- WHAT YOU WILL DO -
The line that contains "Pokemon TCG Gengar" marks the start. Please set it down, with every later line of the data, exactly and without pictures.

- Stored data -
**********

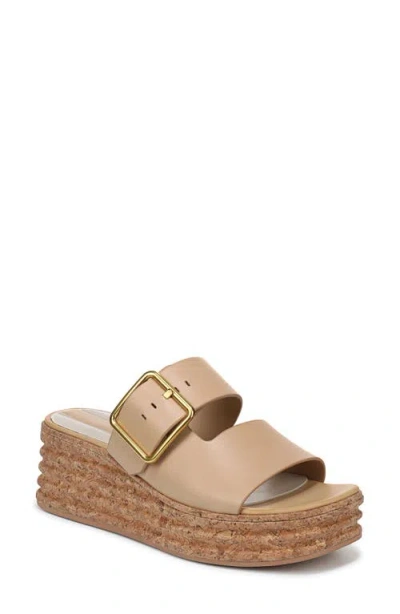 Franco Sarto Taziana Platform Wedge Sandal In Nude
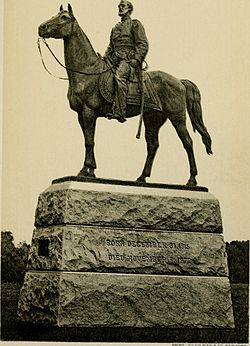 Statue du général George G. Meade à Gettysburg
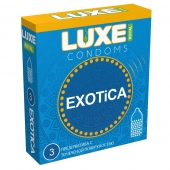 Текстурированные презервативы LUXE Royal Exotica - 3 шт. - Luxe - купить с доставкой в Новомосковске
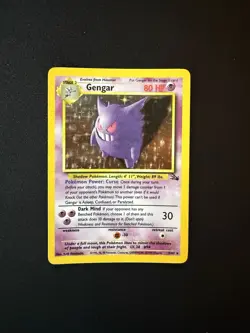Pokemon TCG Gengar Fossil Holo Card 5/62 Rare - Image 3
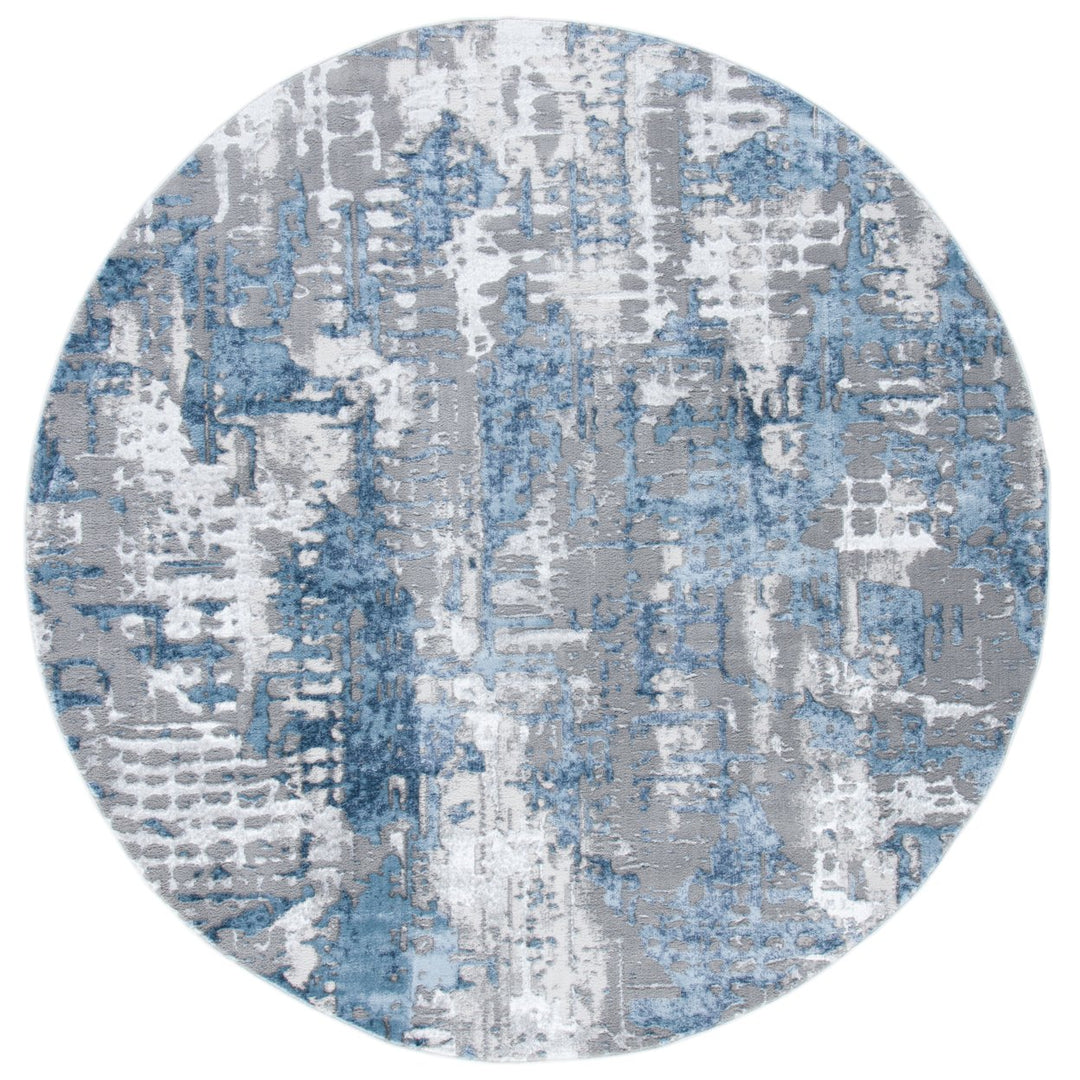 SAFAVIEH Lagoon Collection LGN174F Grey / Blue Rug Image 1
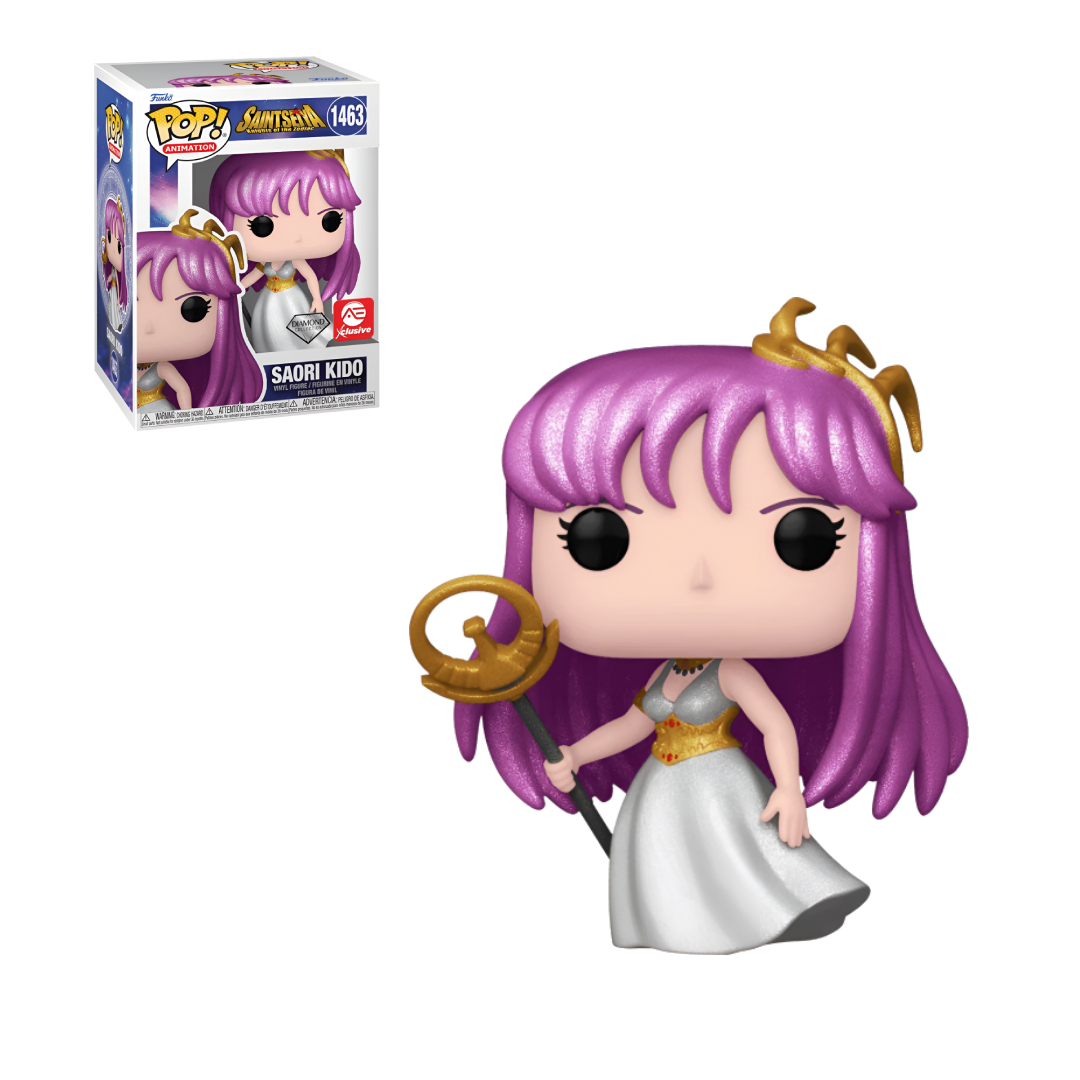 Funko POP! Animation: Saint Seiya Athena (Saori Kido) in Diamond Collection Glitter (AE Exclusive)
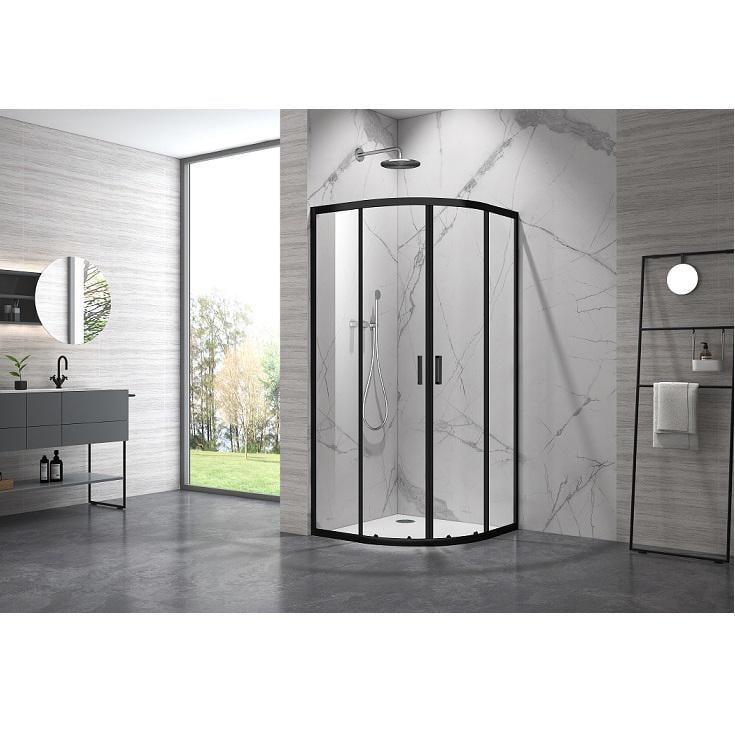 Душевая кабина Armaform Elbe GRIGIO полукруглая стекло прозрачное без поддона 5 мм 90x90x190 см (110-06565)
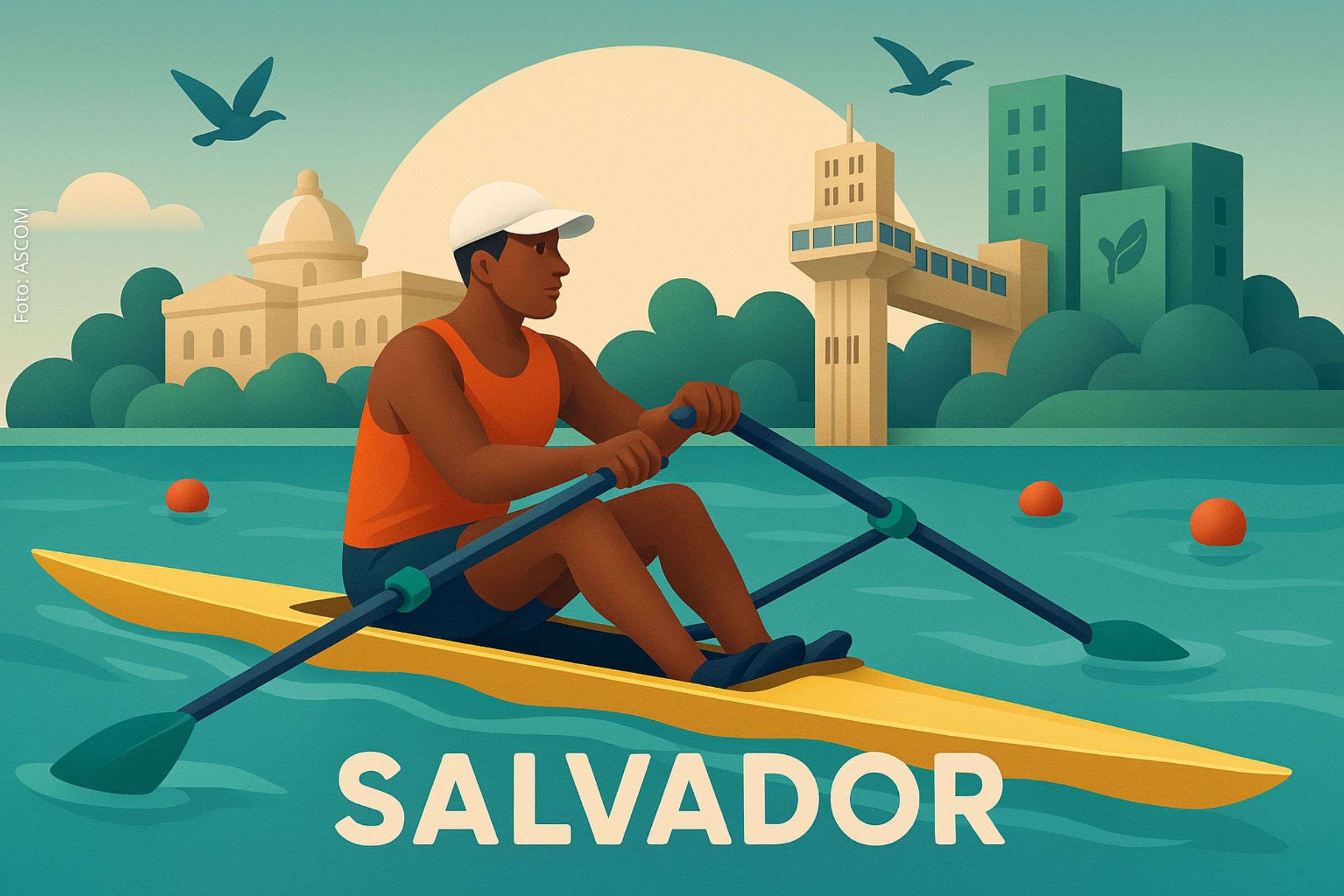 Evento oficial da Confederação Brasileira de Remo integra esporte, ações sociais e ambientais na Raia Olímpica da Ribeira.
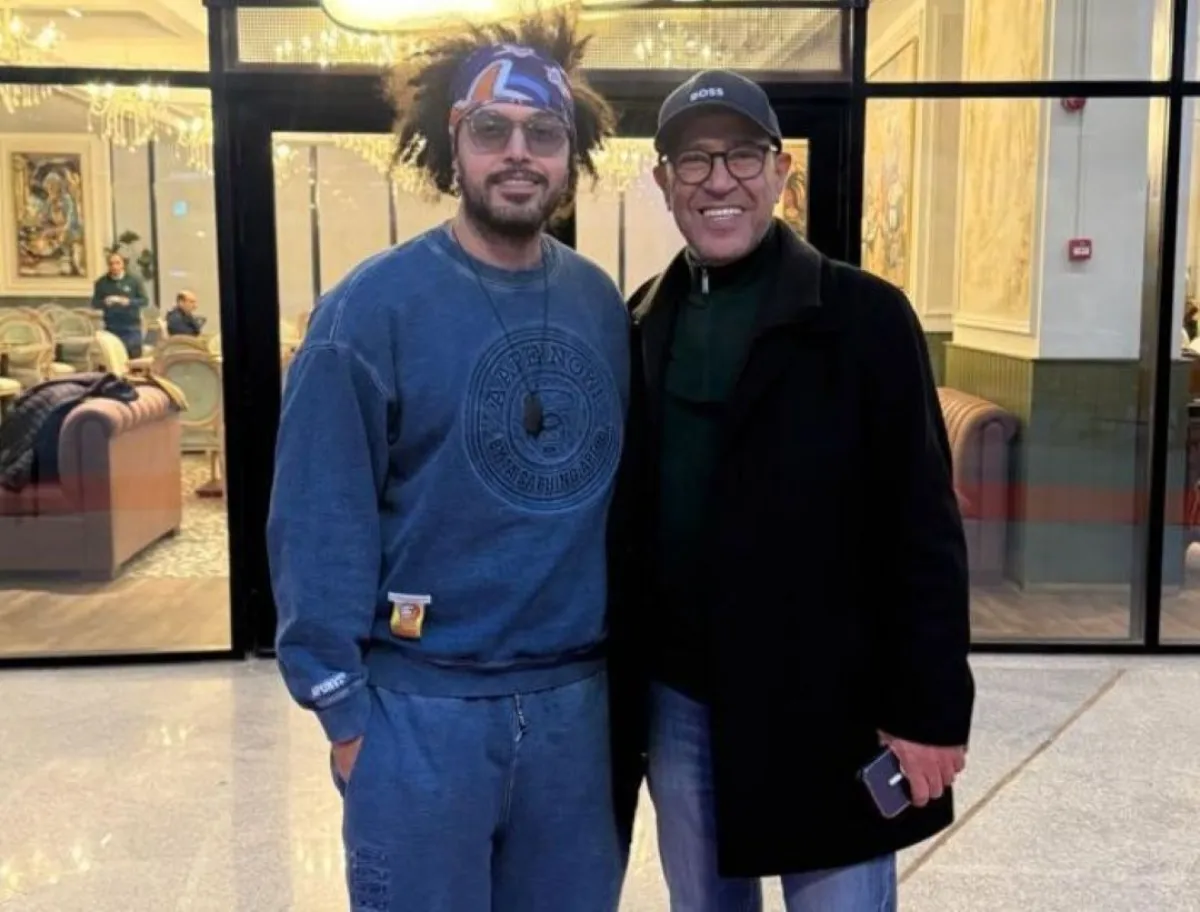 عبد الفتاح الجريني و أشرف عبد الباقي- الصورة من المكتب الإعلامي للفنان عبد الفتاح الجريني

**********

- YOUR RESPONSE -
Pokemon TCG Gengar Fossil Holo Card 5/62 Rare - Image 3
 SAFAVIEH Lagoon Collection LGN174F Grey / Blue Rug Image 1
 Funko POP! Animation: Saint Seiya Athena (Saori Kido) in Diamond Collection Glitter (AE Exclusive)
 Душевая кабина Armaform Elbe GRIGIO полукруглая стекло прозрачное без поддона 5 мм 90x90x190 см (110-06565)
 Evento oficial da Confederação Brasileira de Remo integra esporte, ações sociais e ambientais na Raia Olímpica da Ribeira.
 عبد الفتاح الجريني و أشرف عبد الباقي- الصورة من المكتب الإعلامي للفنان عبد الفتاح الجريني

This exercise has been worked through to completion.